Meinungsforschung

Umfrage-Schock! Andauernd neue „Schock-Umfragen“ helfen vor allem der AfD

In den vergangenen Monaten verstrich kaum eine Woche, in der die „Bild“-Zeitung nicht irgendeinen neuen „Umfrage-Schock“ vermeldete. Manchmal war es auch eine „Schock-Umfrage“ oder eine „Hammer-Umfrage“ oder ein „Umfrage-Beben“, und immer ging es dabei, Sie ahnen es, um die AfD und ihren „Höhenflug“.

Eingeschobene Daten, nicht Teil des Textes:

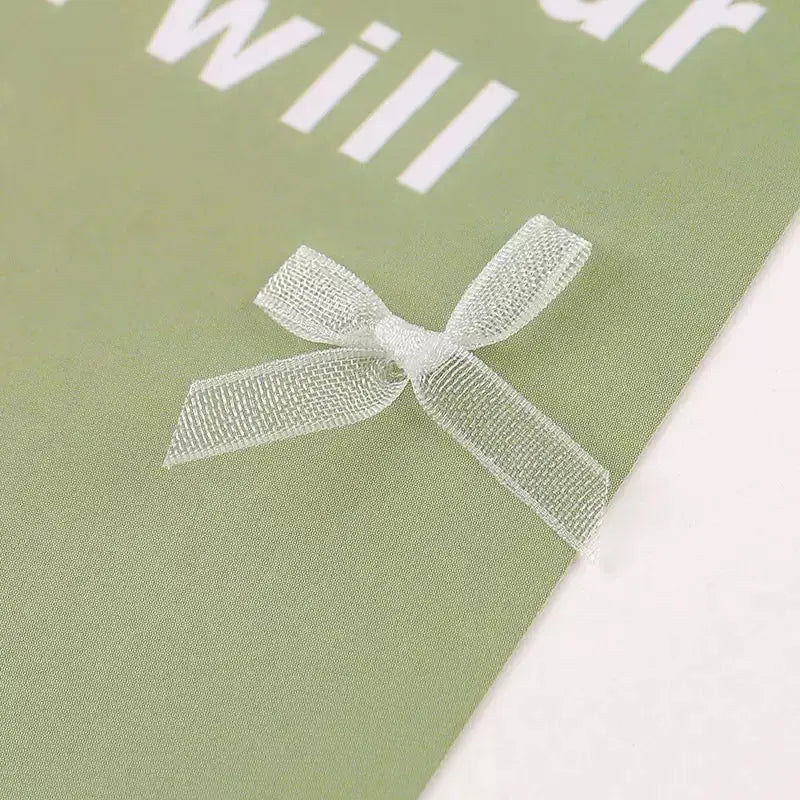 FS10201-About 17mm Farbic Bow Patch Zoe DIY Wholesale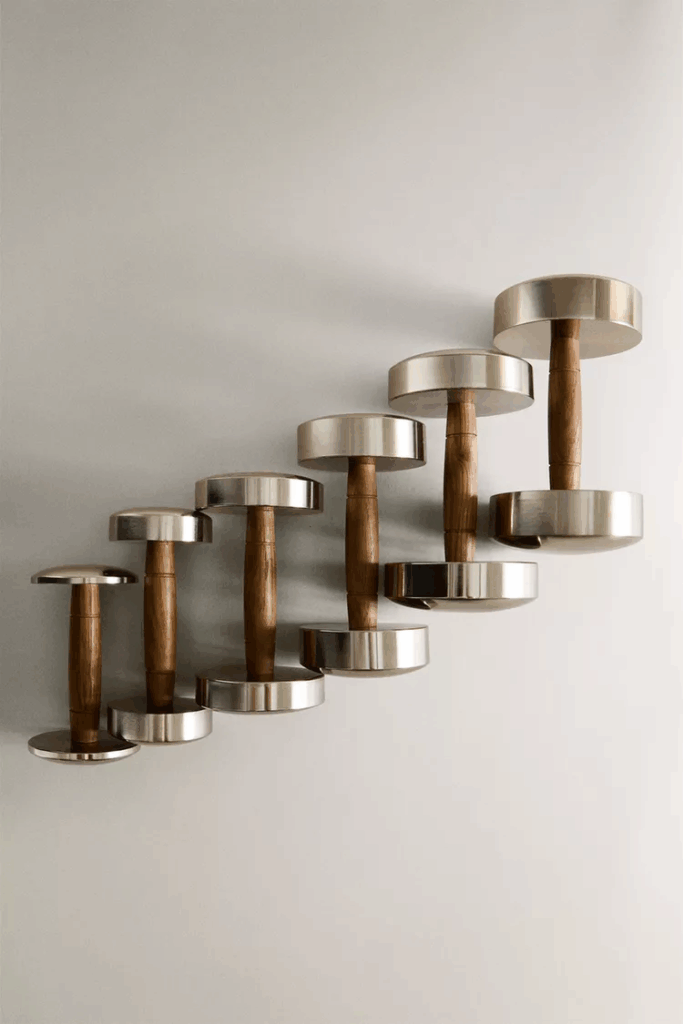 Designer Wellness: The Most Stylish Fitness Gear for Your Home 6 Zara home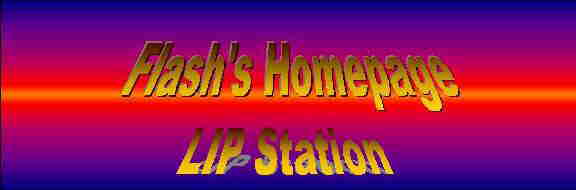 Flash's Homepage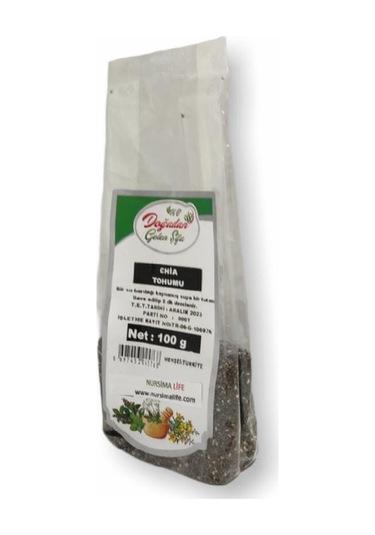 Chia Tohumu  100Gr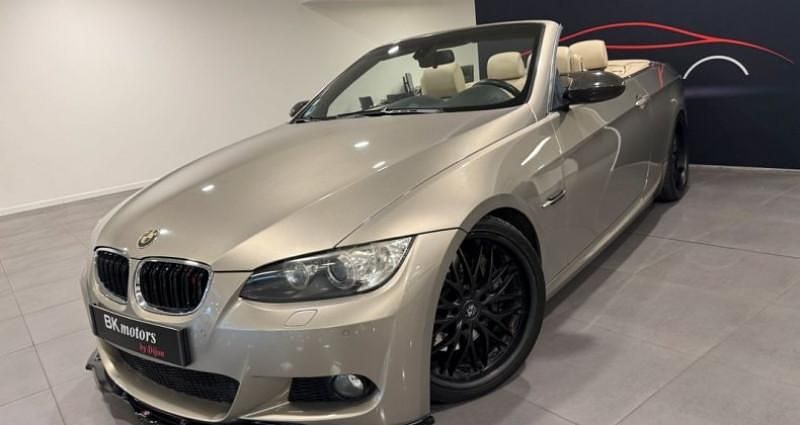 Occasion 2006 BMW 335 Comfort Edition Cabriolet | 9 990 € - Image 1/4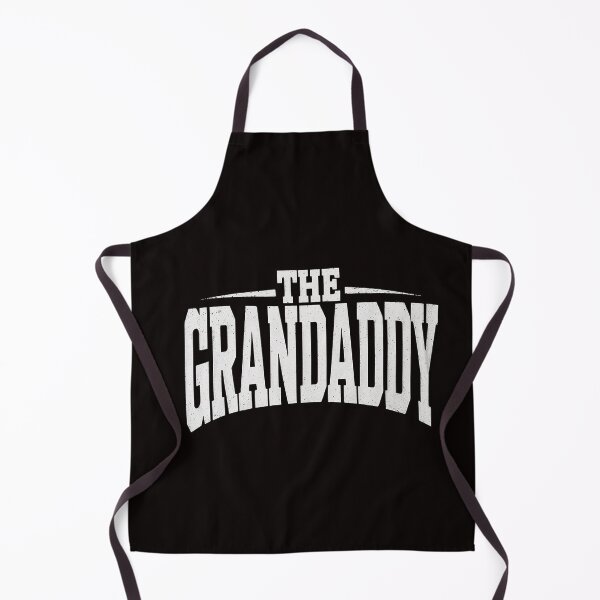 Item preview, The Grandaddy Distressed Cool Grandpa Boss Gift designed and sold by RatCurry.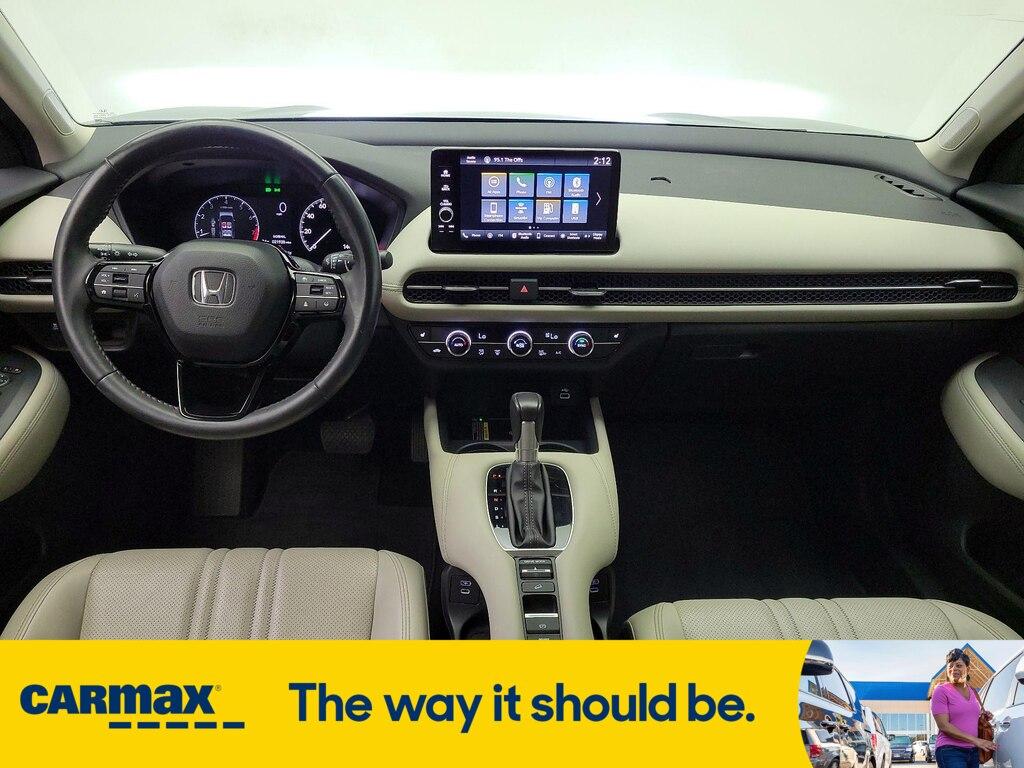 used 2024 Honda HR-V car, priced at $29,998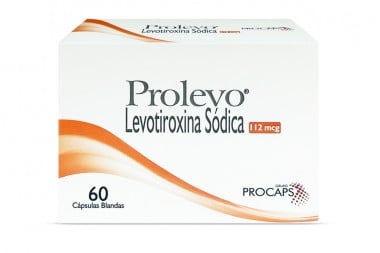 Prolevo Levotiroxina Sódica...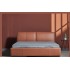 Двуспальная кровать Xiaomi 8h Milan Smart Electric Bed 1.8 m Fashion Orange (обычное основание)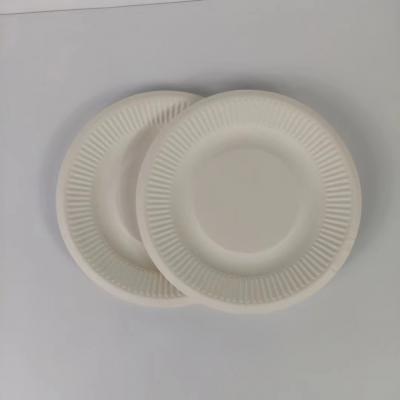 8-inchRippled-Edge-Plate-Round-Plate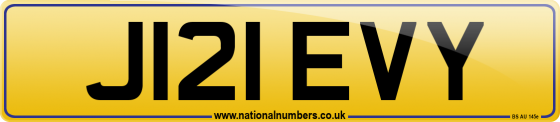 J121 EVY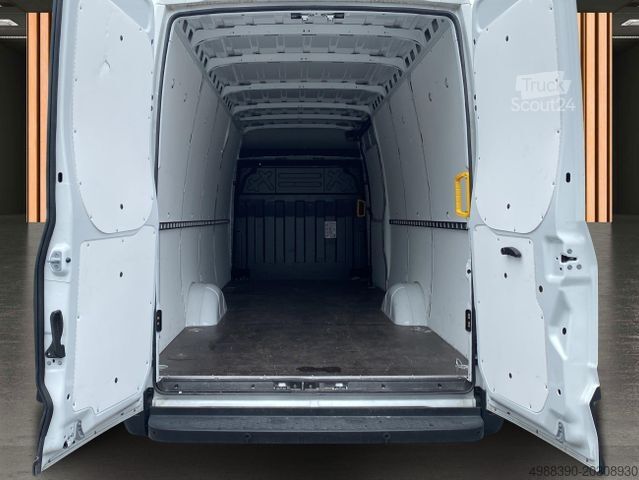 Furgon z wysokim dachem IVECO Daily 35S18V Radstand 4100 H2*Kamera*Klima*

Aber der ist ja nun vorbei:

"Bild"-Schlagzeile vom 5.8.2023: "AfD-Höhenflug GESTOPPT!"
Screenshot: Bild

„AfD-Höhenflug gestoppt“, titelte „Bild“, ganz exklusiv, am 5. August. Weil die AfD bei einer INSA-Umfrage auf 21 Prozent kam:

„Das ist ein Prozentpunkt weniger als in der Vorwoche und der erste Rückgang seit März dieses Jahres Damals lag die AfD noch bei 15 Prozent.“

Ein Prozentpunkt ist quasi nichts. Die Fehlertoleranz der Umfrage lag bei „+/- 2,9 Prozentpunkten“, sie misst also schon statistisch nicht so genau, dass solche Abweichungen wirklich signifikant wären.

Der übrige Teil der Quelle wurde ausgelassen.